Published in partnership with Les Amis de la Terre France, the Exiting coal: Is the French financial industry on its way? report highlights the Paris Financial Centre’s commitment to adopting a timetable for total disengagement from the coal sector, and looks at where industry players such as AXA currently stand in respect of the goal.
Other firms featured in the document seen by Insurance Business are Société Générale, BNP Paribas, and Crédit Agricole.
In discussing AXA’s coal journey, the report's author – Unfriend Coal campaign coordinator Lucie Pinson – pointed to the insurance group’s “aborted ambition” and cited how the French insurer’s anti-coal efforts have been surpassed by those of its peers.
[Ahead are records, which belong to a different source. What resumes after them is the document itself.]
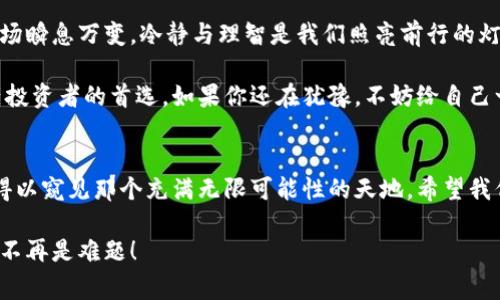 biati探秘绿洲钱包：区块链专家独家分享的操作秘诀/biati
绿洲钱包,区块链,数字资产/guanjianci

引言：什么是绿洲钱包？
在数字货币这一波浪潮中，绿洲钱包作为一款新兴的区块链钱包，逐渐引起了广泛的关注。很多人开始问，绿洲钱包到底是什么，它的优势在哪里，以及我们该如何高效地使用它。说真的，如果你最近在关注加密货币，或者有想尝试投资的打算，那你一定得了解一下绿洲钱包！

首先，绿洲钱包不仅仅是一个简单的存储工具，它实际上是连接用户与区块链世界的一座桥梁。无论是交易、转账，还是与智能合约交互，绿洲钱包都能很好地帮助用户实现。那么接下来，我们就来深入了解一下它的特点和使用方法吧。

绿洲钱包的基本功能
绿洲钱包的用户界面非常友好，让你第一次使用的时候也不会感到陌生。它的基本功能包括：
ul
    listrong资产管理：/strong你可以在这个钱包里安全地存储和管理各种数字资产，这包括了比特币、以太坊等主流币种，甚至还支持一些山寨币。/li
    listrong交易功能：/strong绿洲钱包让用户能够快速进行交易，支持点对点转账，简化了复杂的转账过程。/li
    listrong去中心化钱包：/strong作为去中心化钱包的一种，绿洲钱包不需要托管用户的私钥，这样能有效减少安全风险。/li
/ul

为什么选择绿洲钱包？
绿色的钱包？这可不是说钱包是环保的，而是指这个钱包在使用过程中确保了用户的隐私和安全。我们都知道，数字资产的交易在各种场合下都伴随着风险，尤其是安全问题。选择绿洲钱包，意味着你将拥有更高级别的保护。

绿洲钱包采用了多重安全措施，例如两步验证和加密存储技术，确保用户的私钥和资产在存储和交易过程中都能安全无虞。这样一来，你就可以专注于交易，而不需要担心被黑客盯上。

绿洲钱包的使用秘诀
就像任何新技术一样，掌握绿洲钱包的使用技巧也是必不可少的。以下是一些我总结出的使用秘诀，希望对你有帮助：
ul
    listrong定期备份：/strong使用绿洲钱包时，一定要定期备份你的钱包。备份私钥和助记词，确保在需要的时候能够快速恢复。/li
    listrong保持软件更新：/strong常常保持绿洲钱包的更新，及时安装新的安全补丁，以提升安全性。/li
    listrong慎重选择交易对象：/strong在进行交易时，尽量选择信誉良好的对象。网络上无奇不有，仔细核实对方信息，避免上当受骗。/li
/ul

绿洲钱包的社区与支持
一个好的钱包离不开它背后的社区支持。绿洲钱包有一个活跃的用户社区，大家在这里可以分享使用经验、提出问题、以及互相帮助。这种社区文化能够让用户在使用过程中获得更多的支持和建议。

而且，绿洲钱包的官方团队也提供了及时的客户支持，你可以通过官方渠道提出你的疑问，团队会尽快给予回复。这种面对面的互动，非常人性化，是我非常喜欢的一部分。

如何下载和安装绿洲钱包
说到这里，有小伙伴可能会问：“那要如何下载绿洲钱包呢？”其实非常简单，只需要前往官方网站，选择适合你设备的版本进行下载就好了。

安装之后，根据提示进行简单的设置，就能开始你的数字资产之旅。不过，请注意切勿从不明渠道下载软件，以免遭遇病毒或假冒软件。安全永远是第一位的。

总结：绿洲钱包的价值
总体来说，绿洲钱包的设计理念和实现技术都很不错，特别适合刚刚入门的用户，而且相对安全可靠。对于那些想要进入区块链市场的朋友，绿洲钱包无疑是一个值得尝试的选择。

当然，这里也要提醒一下，各位投资者在追求高收益的同时，也要注意风险控制，合理配置自己的资产。数字货币市场瞬息万变，冷静与理智是我们照亮前行的灯塔。

总之，绿洲钱包作为一个新兴的区块链钱包，凭借其强大的功能和良好的用户体验，正逐步成为越来越多数字资产投资者的首选。如果你还在犹豫，不妨给自己一个机会，试试这个钱包吧！

结束语：拨云见日的未来
未来，随着区块链技术的不断发展，数字资产将会成为越来越多人的财富选择。而绿洲钱包就像一扇窗户，让我们得以窥见那个充满无限可能性的天地。希望我们都能在这条路上，走得更加稳健和远大。

最后，再次强调，使用数字钱包的过程中，安全永远是第一位的！希望大家都能平安顺利地进行资产管理，投资理财不再是难题！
“AXA is recognised as the first major investor to adopt a coal policy that not only excludes companies based on the share of coal in their activities,” wrote Pinson.
“Applying a 30% threshold, AXA added in 2017 the exclusion of companies which produce more than 20 million tonnes of coal per year and those that plan to produce more than 3 gigawatts of new coal-fired power generation capacity. This first step, very welcome at the time, was very quickly overtaken…”
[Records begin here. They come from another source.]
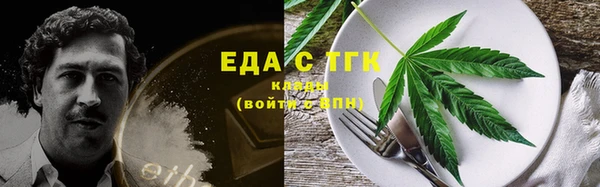 ECSTASY Балахна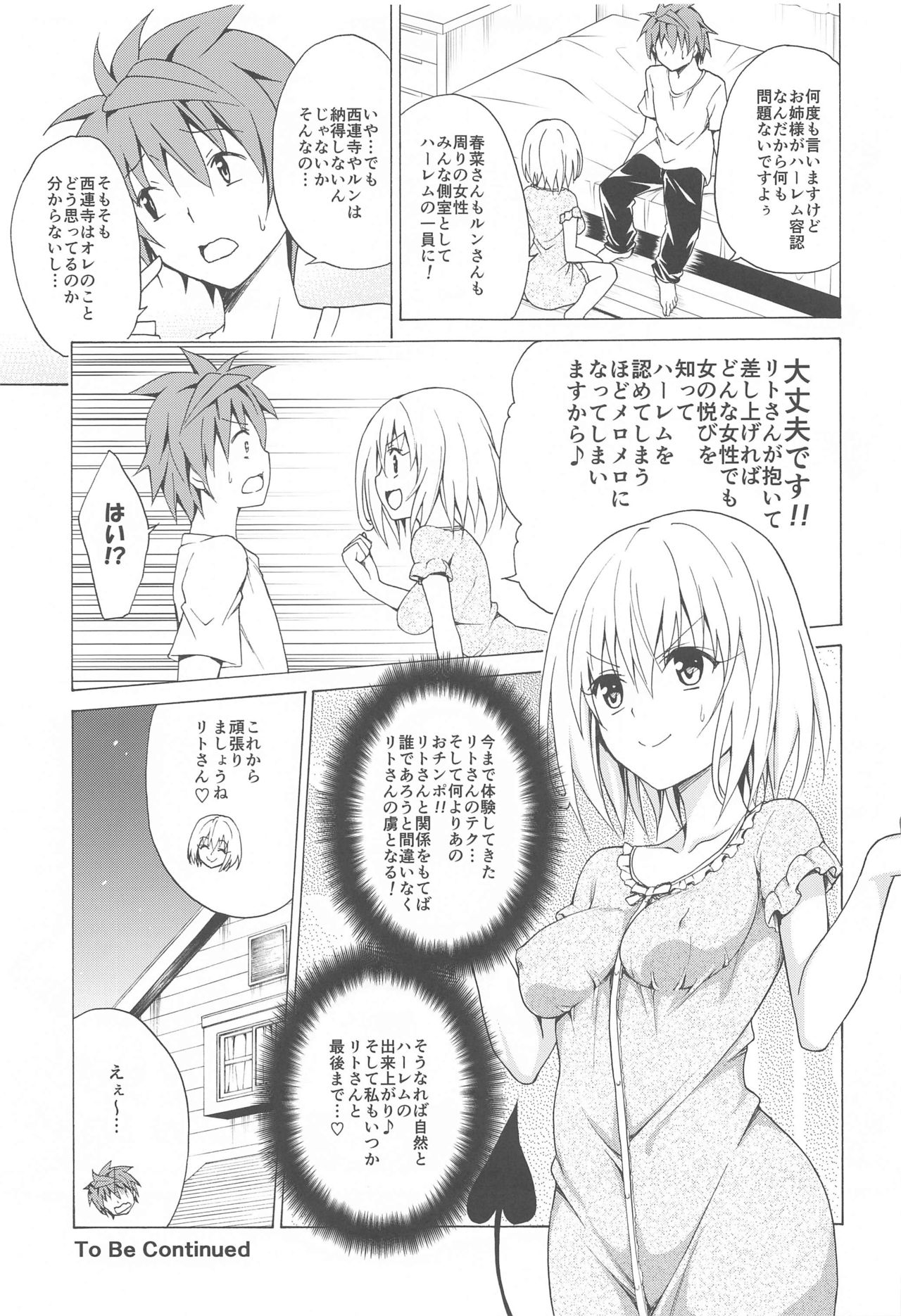 (第2回ウルトラサマーフェスタ) [虎マシーン (春日部太郎)] 目指せ!楽園計画 ~総集編 上巻~ (ToLOVEる -とらぶる-)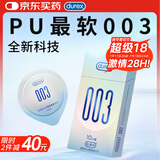 杜蕾斯003 超薄润滑10只 避孕套 安全套 高延伸性聚氨酯 成人用品 套套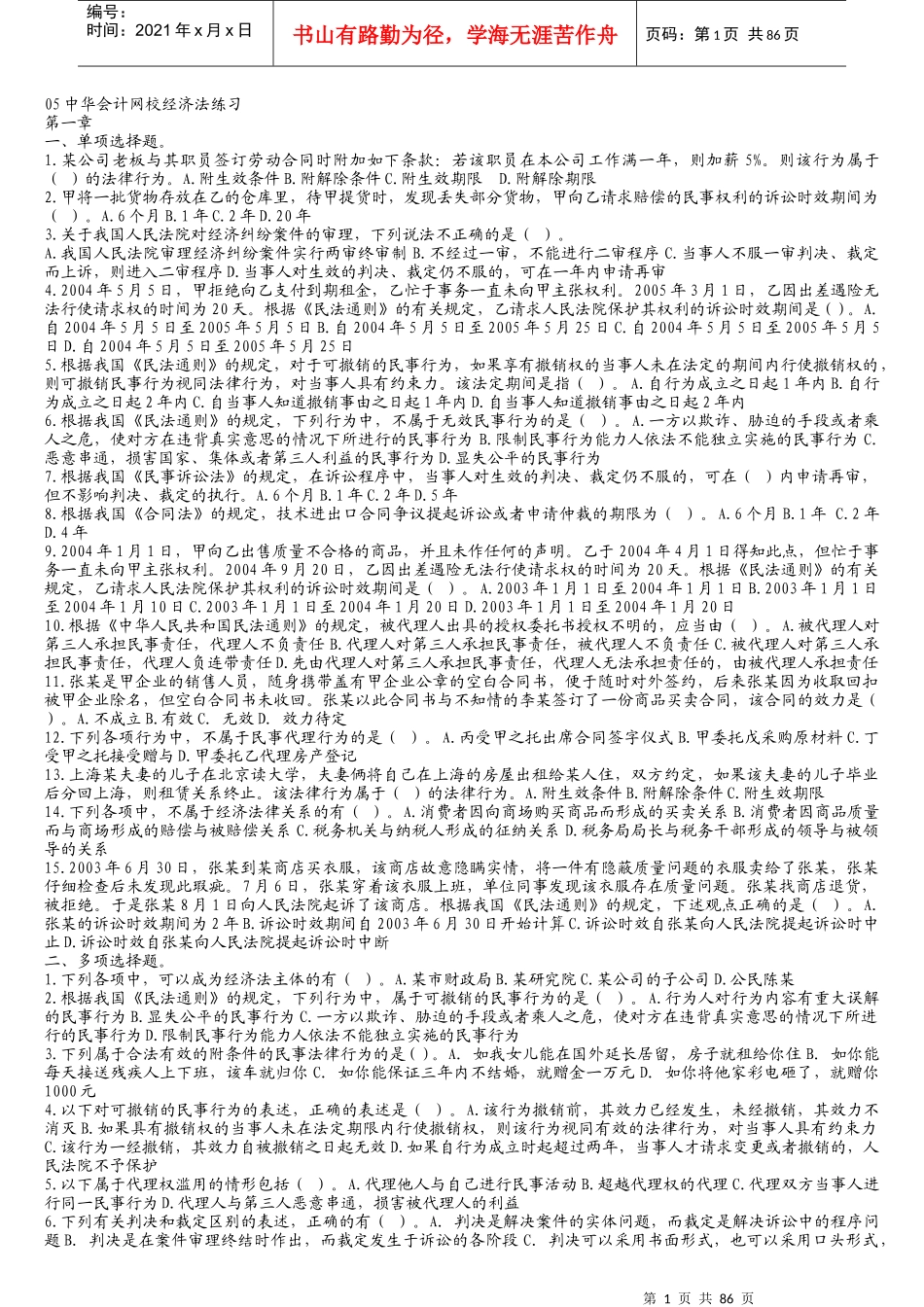 某某年中华会计网校经济法练习1-14章(doc 92)_第1页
The report went on to state: “Today, AXA’s policy is more than outdated and difficult to justify: it allows the insurer to still invest in companies with more than 118 gigawatts of new coal production capacity, more than twice the capacity of Germany’s coal-fired power plants.
“At its annual general meeting in April 2019, AXA undertook to review this exclusion threshold for developers of new coal-fired power plants. But nothing has been said about the 159 companies that are developing mining or coal infrastructure projects.”
In terms of coverage, Pinson drew attention to what Unfriend Coal views as an inconsistency as far as AXA’s underwriting activities are concerned.
“AXA no longer directly insures new coal mine and coal-fired power plant projects,” it was noted in the report. “But the insurance giant can still provide insurance coverage, including non-life insurance, to companies that develop these same projects, even if AXA has excluded them from its investments.
“It’s another inconsistency with the 2017 commitment to not only control the impact of climate change on AXA but also the impact of AXA’s activities on the climate.”